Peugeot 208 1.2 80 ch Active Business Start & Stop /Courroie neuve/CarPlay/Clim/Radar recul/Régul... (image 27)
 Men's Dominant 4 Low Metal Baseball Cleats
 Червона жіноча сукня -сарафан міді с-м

Work request: From the first line to the last, give the data again exactly.

Response to the task:
Peugeot 208 1.2 80 ch Active Business Start & Stop /Courroie neuve/CarPlay/Clim/Radar recul/Régul... (image 27)
 Men's Dominant 4 Low Metal Baseball Cleats
 Червона жіноча сукня -сарафан міді с-м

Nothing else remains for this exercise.